* _WORK REQUIRED_: Below are the records; give again exactly the lines from the one containing "PURCHASE YOUR TICKET" through the one containing "Dental Model Dentistry", leaving out pictures.
-=-=-
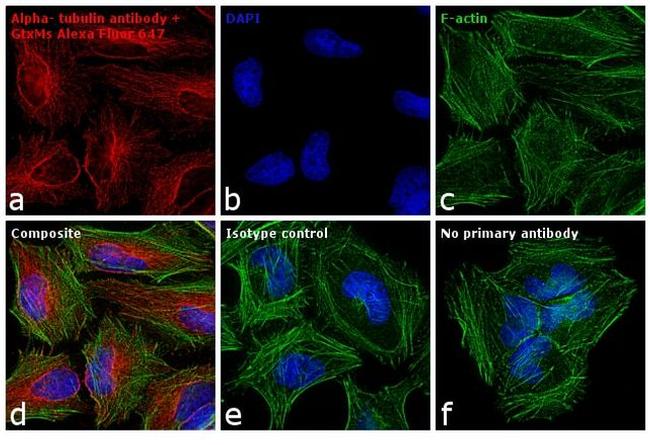 Mouse IgG (H+L) Highly Cross-Adsorbed Secondary Antibody in Immunocytochemistry (ICC/IF)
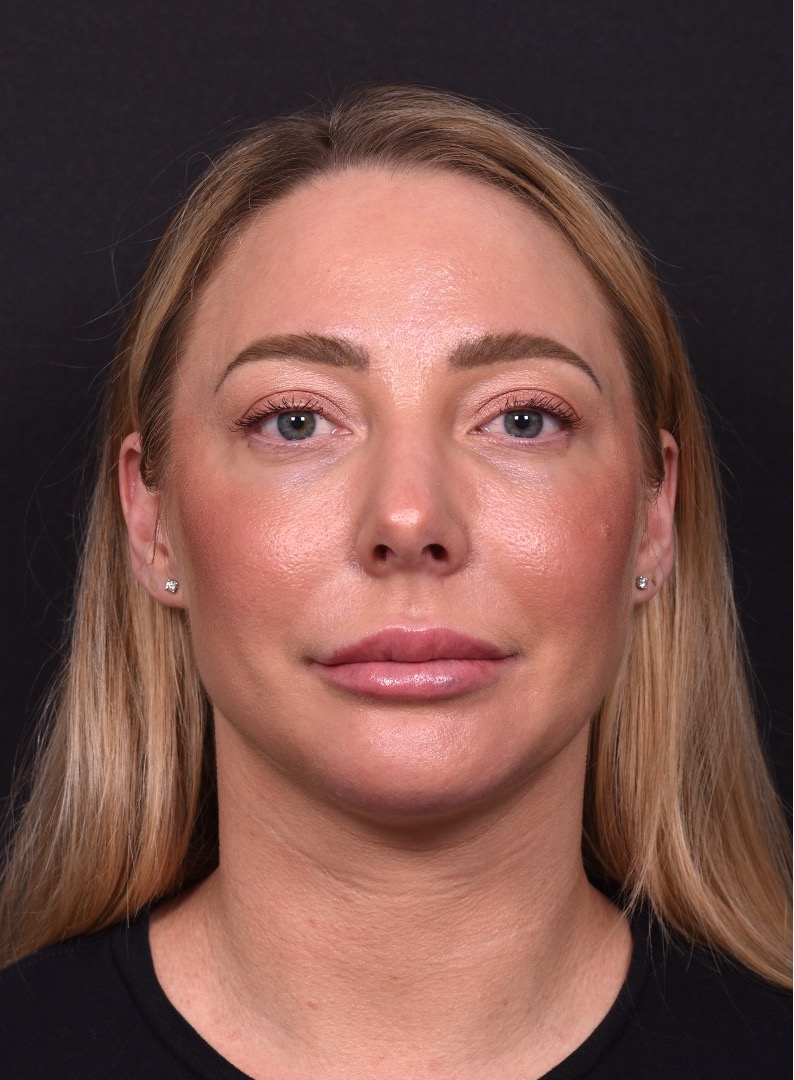 Atlanta chin implant revision natural scarless facial contouring balancing best before after female plastic surgery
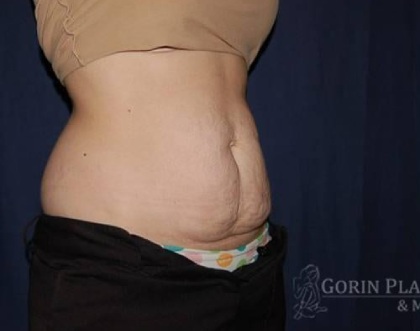 Abdominoplasty - With Liposuction of The Waist Before & After Patient #1361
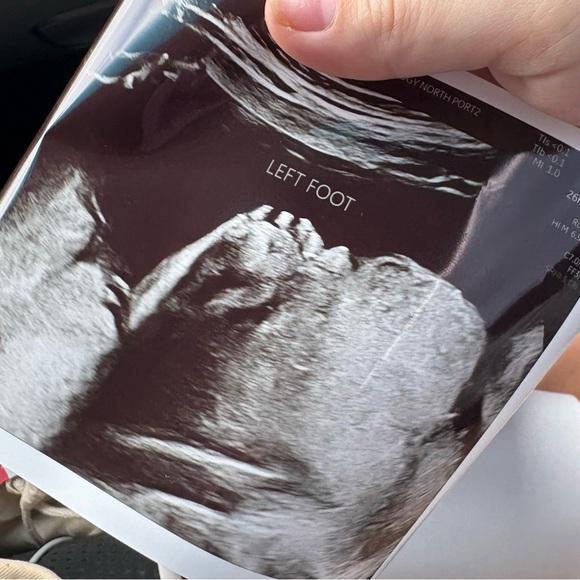 PURCHASE YOUR TICKET FOR DIAPERS & WIPES, GOODLUCK & TYSM ๐ผ๐ผ๐คฑ - Picture 12 of 14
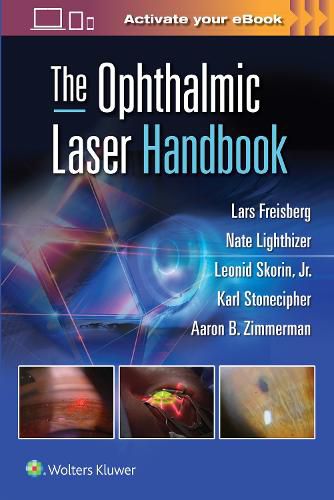 Cover image for The Ophthalmic Laser Handbook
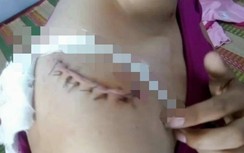 Lời kể hãi hùng của người phụ nữ bị chồng cũ chém ở Sóc Trăng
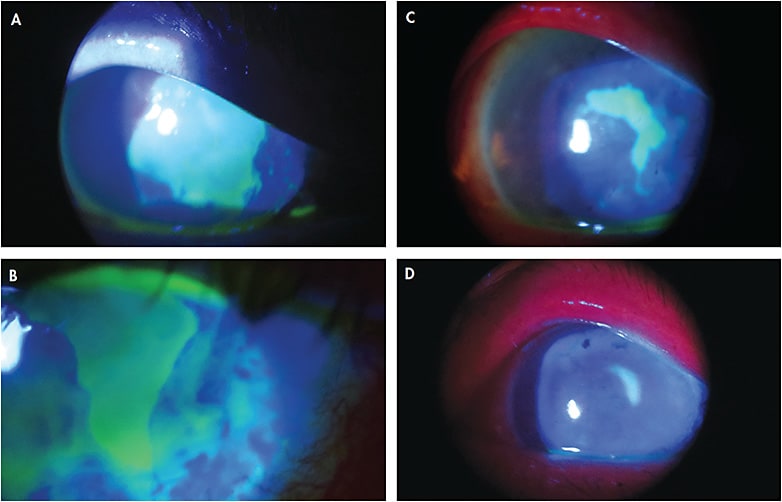 Figure 2. (A) Patient from Case #2 at initial visit; (B) after three days of amniotic membrane use; (C) two weeks post-amniotic membrane application; (D) one month post-amniotic membrane application.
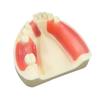 Dental Model Dentistry Implant Practice Training Model For Cutting Implant And Suturing Practice with Cancellous Bone Dental Lab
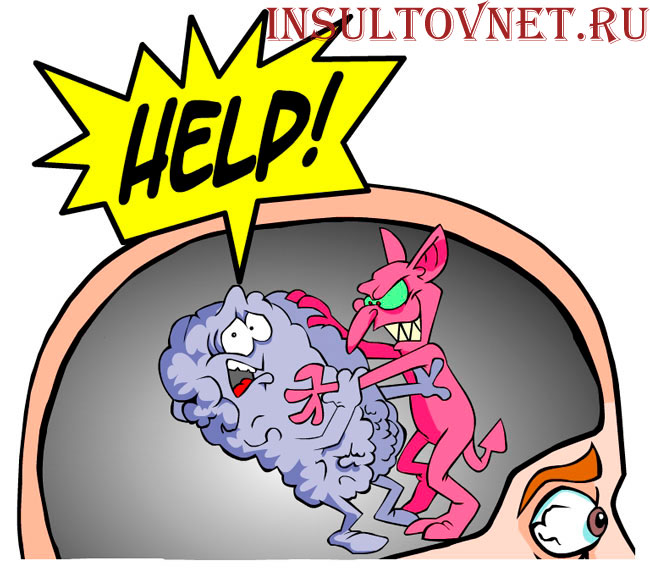 повторный инсульт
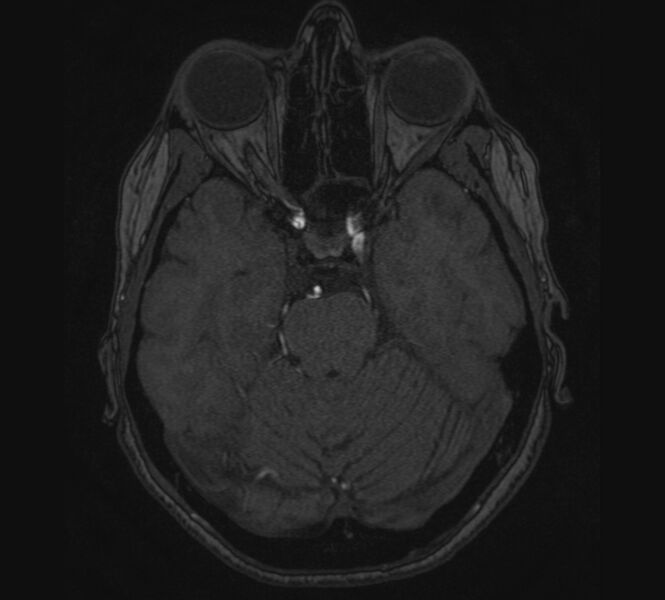 File:Accessory middle cerebral artery and ICA aneurysm (Radiopaedia 22656-22674 MRA 33).jpg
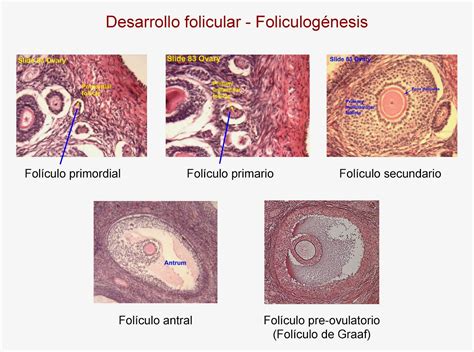 folículos subcentimétricos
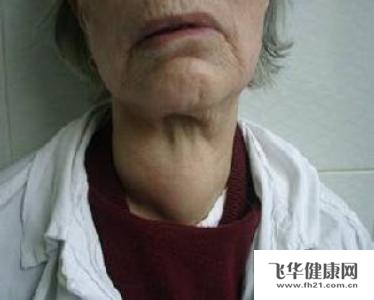 患上甲亢之后患者一定要引起重视,因为甲亢病如果得不到重视的话,病情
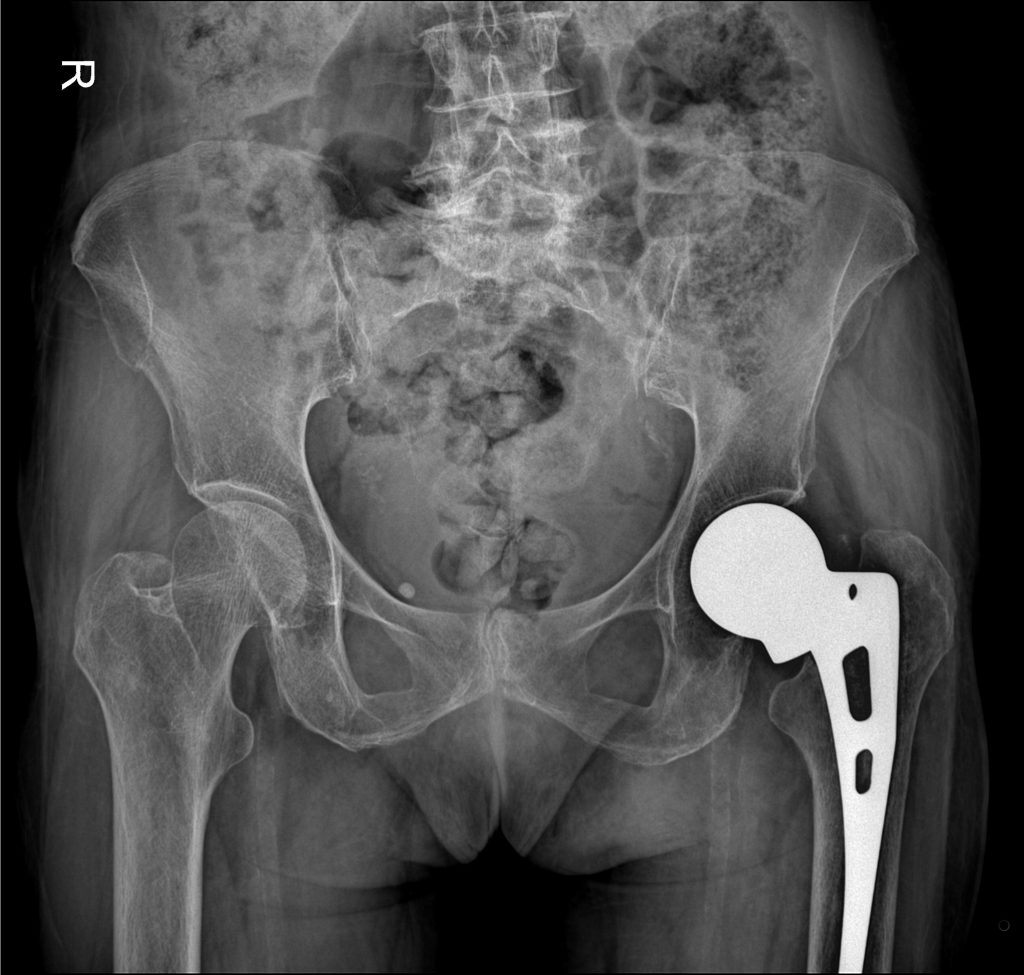 Implant - sztuczne biodro
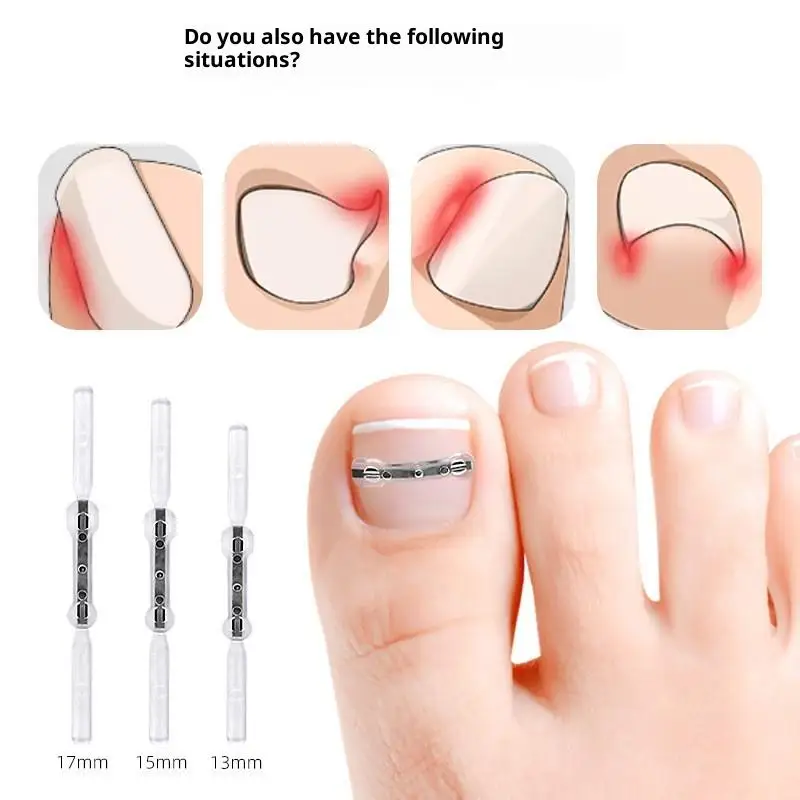 Corrector de uñas encarnadas, herramientas para pedicura, recuperación integrada, tratamiento de uñas de los pies, soporte profesional para alisar uñas encarnadas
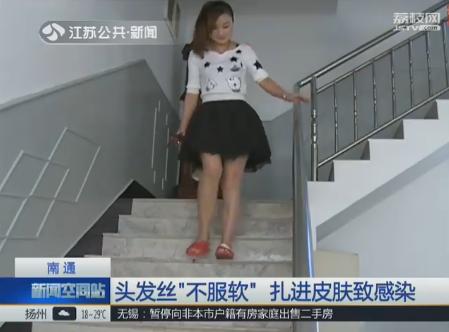 头发被传染奇痒难耐怎么办啊,头发丝不光滑是什么原因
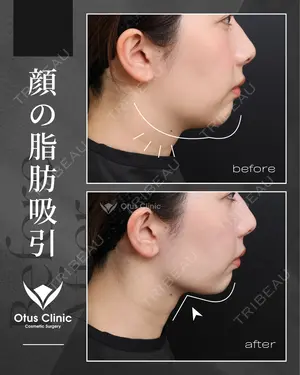 90 days after image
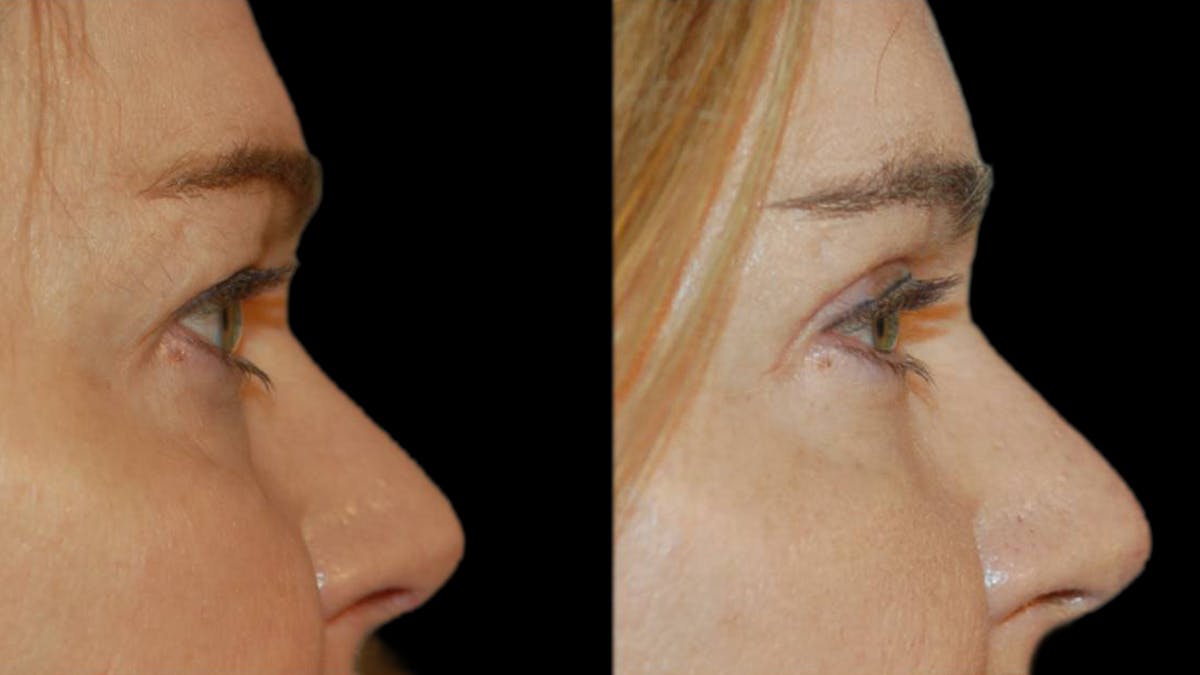 Upper Eyelid Surgery Before & After Gallery - Patient 361195 - Image 9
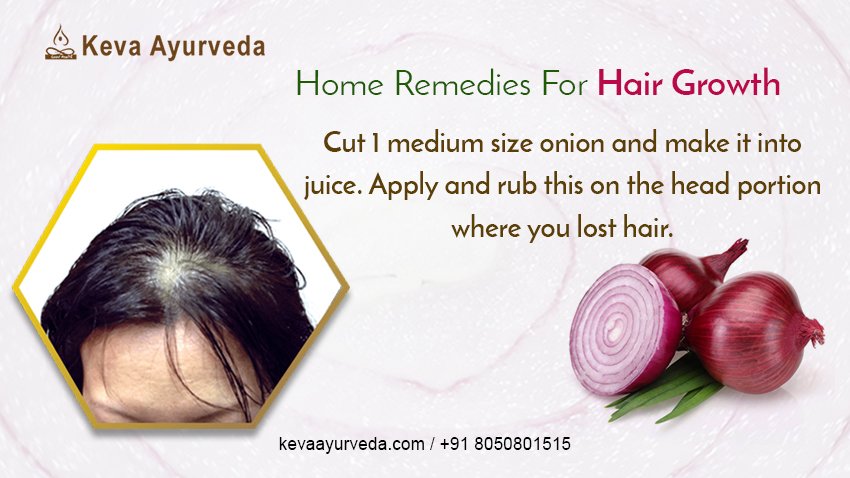 KevaAyurveda1's tweet photo. Don't be embarrassed of hairfall
Visit: https://t.co/lzSX1m6mZt | call: +91 8050801515
#ayurveda #Bangalore #hairfall #onion #juice #tips https://t.co/6b1bCNflsT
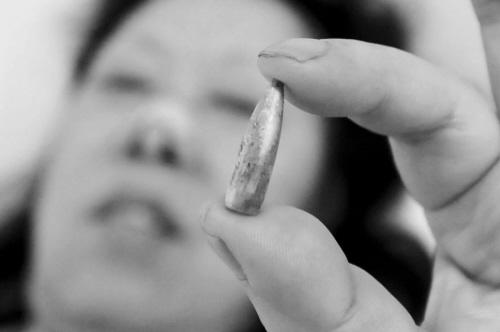 女子曾被飞来“石子”击中头部 鼻腔存留子弹47年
-=-=-
* _EXERCISE OUTPUT_:
 PURCHASE YOUR TICKET FOR DIAPERS & WIPES, GOODLUCK & TYSM ๐ผ๐ผ๐คฑ - Picture 12 of 14
 Cover image for The Ophthalmic Laser Handbook
 Lời kể hãi hùng của người phụ nữ bị chồng cũ chém ở Sóc Trăng
 Figure 2. (A) Patient from Case #2 at initial visit; (B) after three days of amniotic membrane use; (C) two weeks post-amniotic membrane application; (D) one month post-amniotic membrane application.
 Dental Model Dentistry Implant Practice Training Model For Cutting Implant And Suturing Practice with Cancellous Bone Dental Lab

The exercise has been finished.